Mass spectrometry analysis of stem cell-enriched versus stem cell-depleted epithelial cultures

Normal human primary keratinocyte (NHK) cultures were established from biopsies obtained from three skin biopsies derived from healthy donors and serially cultivated to explore changes in protein expression during clonal conversion. Early-passage cultures contain the highest proportion of stem cells with minimal differentiation. As passages progress, stem cells are progressively depleted and replaced by TACs and differentiated cells as a result of clonal conversion (Fig. 1a).

To identify proteins that are differentially expressed during clonal conversion, we performed liquid chromatography-tandem mass spectrometry (LC-MS/MS) proteomic analysis on early- and late-passage NHK cultures (Fig. 1a). A total of 5,437 proteins were identified (Suppl. Figure 1a, b, c). Most of these proteins were localized in the nucleus (65% of total), followed by membrane (48%), and cytoskeletal components (47%) (cumulative percentages; Suppl. Figure 1d).

Among the identified proteins, 289 were significantly differentially expressed (q < 0.05, Abundance Ratio > 2), with 142 proteins upregulated and 147 proteins downregulated in early-passage cultures as compared to late-passage ones (Fig. 1b, Suppl. Table 1). The functional enrichment analysis using g: Profiler revealed that the upregulated proteins were associated with cellular components such as the endoplasmic reticulum (GO:0005789) and chromosome organization (GO:0051276), as well as biological processes like DNA replication and base excision repair (REAC: R-HSA-73884) (Suppl. Table 2). Conversely, proteins upregulated in later passages were primarily linked to the cytoplasmic component (GO:0005737) and ATP metabolic processes (GO:0046034) (Suppl. Table 3).

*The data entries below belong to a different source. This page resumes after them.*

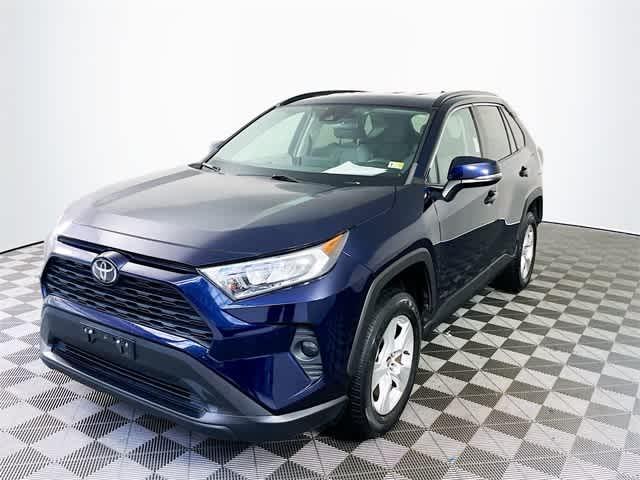 $27154 : PRE-OWNED 2021 TOYOTA RAV4 XLE image 4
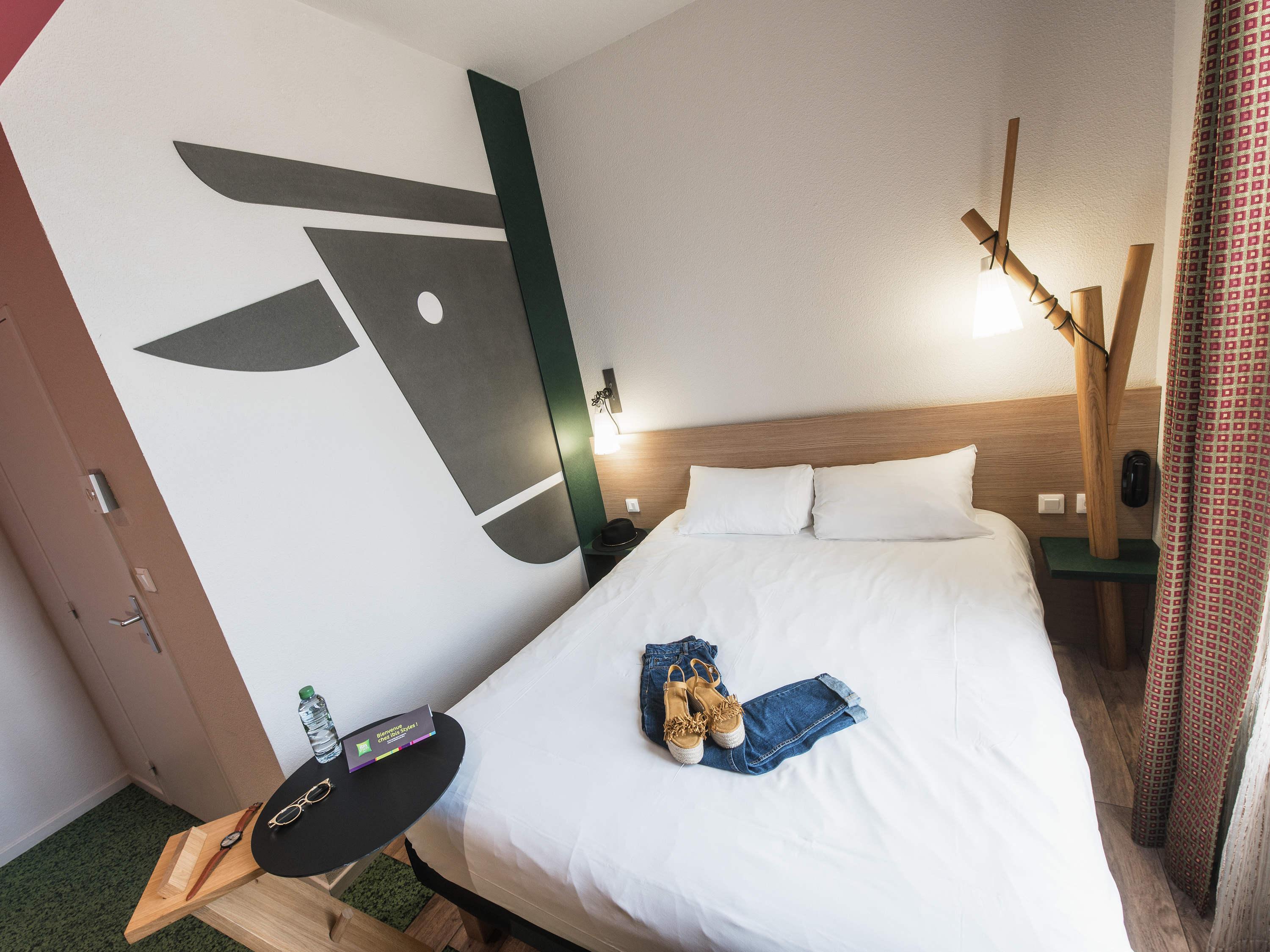 Отель Ibis Styles Moulins Centre Экстерьер фото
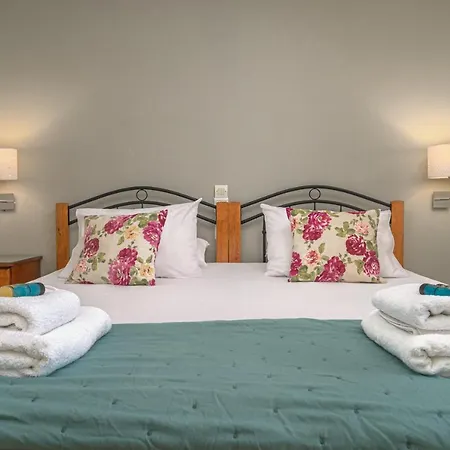 Porto Giardino Kypseli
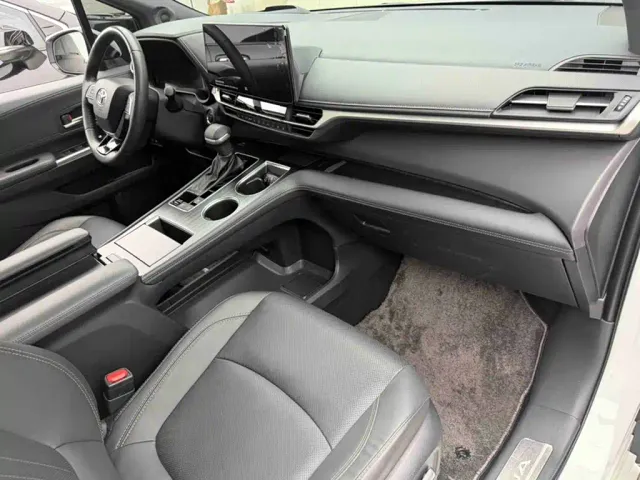 Toyota Sienna — Фото автомобиля 2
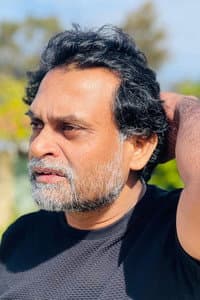 Priyantha Sirikumara in Thattu Deke Iskole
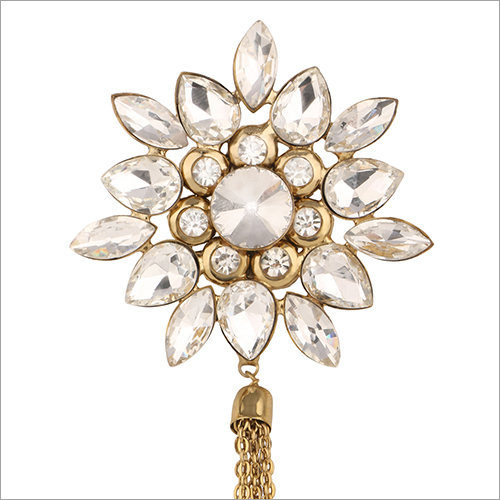 Artificial Brooches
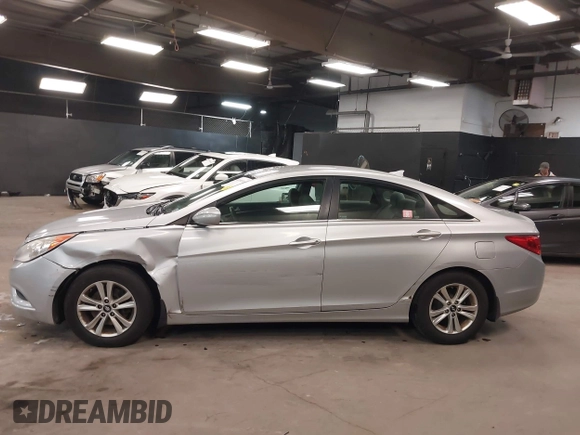 2013 Hyundai Sonata GLS z VIN 5NPEB4ACXDH620718, wystawiony jako IAAI lot #42450301 z przebiegiem 164 170 mil mil oraz . Historia ofert i sprzedaży dostępna na DreamBid. Obrazek 14.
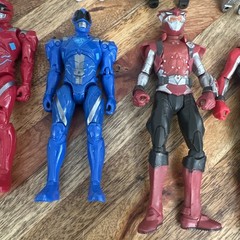 Power Rangers Super Ninja Steel 5-inches tall Action Figure Blue and Red Lot 11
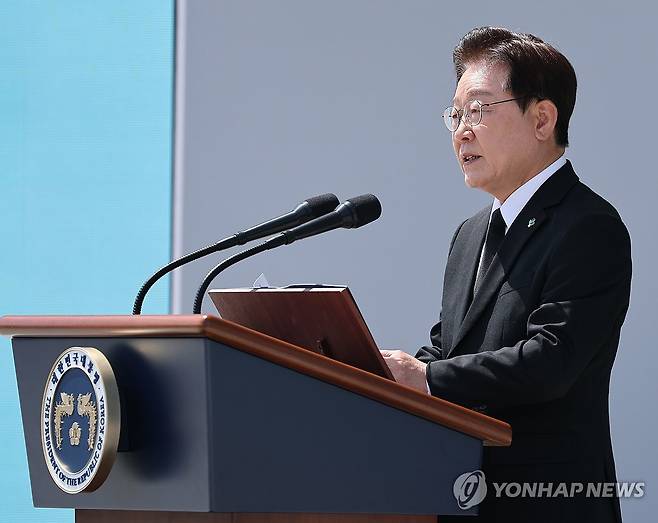 이재명 대통령, 현충일 추념사 (서울=연합뉴스) 김도훈 기자 = 이재명 대통령이 6일 서울 동작구 국립서울현충원에서 열린 제71회 현충일 추념식에서 추념사를 하고 있다. 2026.6.6 superdoo82@yna.co.kr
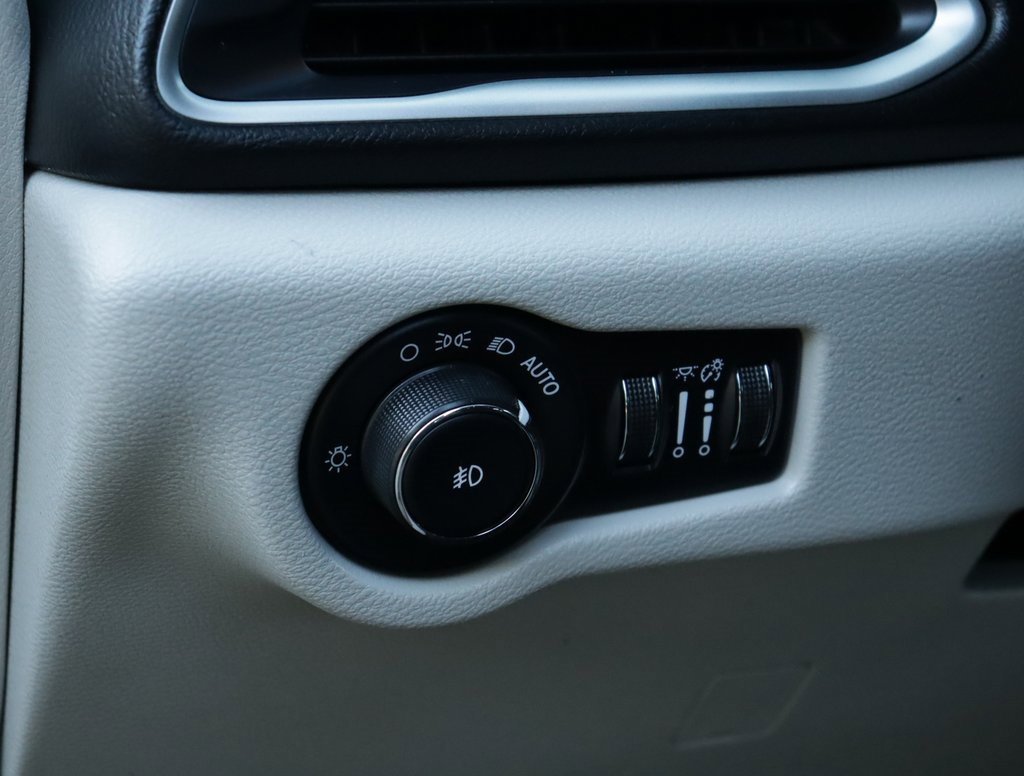 2017 Chrysler Pacifica Touring L photo 10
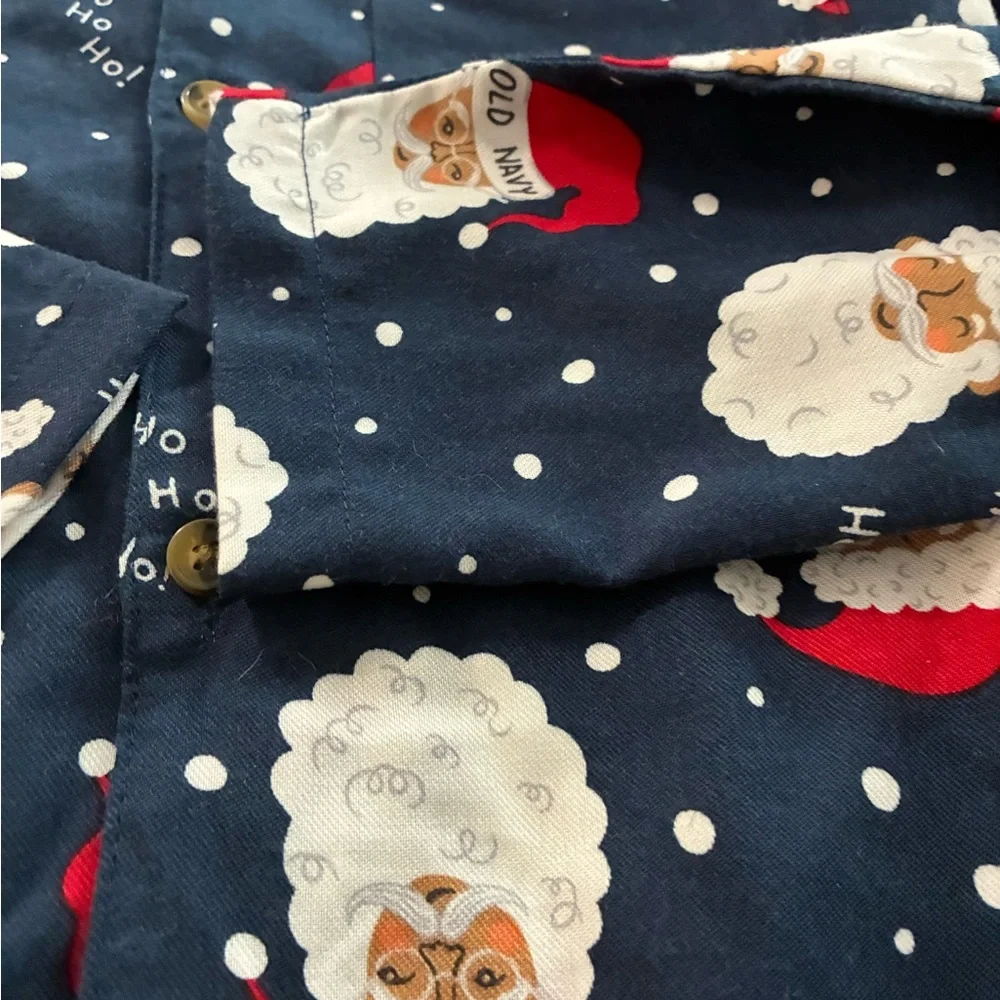 Old Navy Santa Print Pajama Top - Navy size 10/12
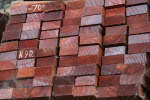 ไม้แดง - Eakwattana Timber Co Ltd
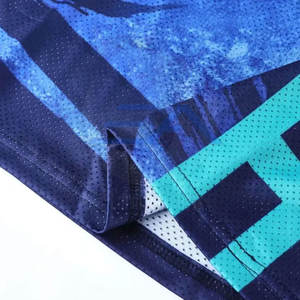 Uniforme de tennis pour homme, design personnalisé, faible MOQ, écologique, séchage rapide, logo frontal, respirant, 100% polyester, fabriqué au Pakistan - Product Image 6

STRING analysis with Local Network Analysis (LnA) of the primary cluster identified by the Markov Cluster Algorithm (MCL) revealed a key protein interaction network (p = 4.37 × 10− 6) consisting of eight proteins (Fig. 1c). Seven of these proteins (ANLN, AURKB, NUSAP1, TACC3, PBK, CDCA3, and CDK1) have been previously associated with the “holoclone signature” as potential markers of holoclone-forming stem cells [28]. The eighth protein, H1-0, belongs to the histone H1 linker family. Although the role of H1B in epidermal stem cell biology has been explored [31], the function of the H1-0 isoform remains to be further investigated.

Notably, CDK1 emerged as a central hub in this network, showing overexpression (fold change 1.34, ratio 2.54; Fig. 1b) and medium-strength interactions (significance = 0.400) with other stem cell-associated proteins in early-passage samples compared to late-passage samples (q = 9.27 × 10− 3, Fig. 1c, Suppl. Figure 1e). This data suggests that CDK1 may play a role in sustaining stem cell properties during early stages of cultivation. Consequently, we focused on further investigating CDK1 function, particularly as a potential upstream regulator of FOXM1, a key transcription factor involved in stem cell maintenance [28].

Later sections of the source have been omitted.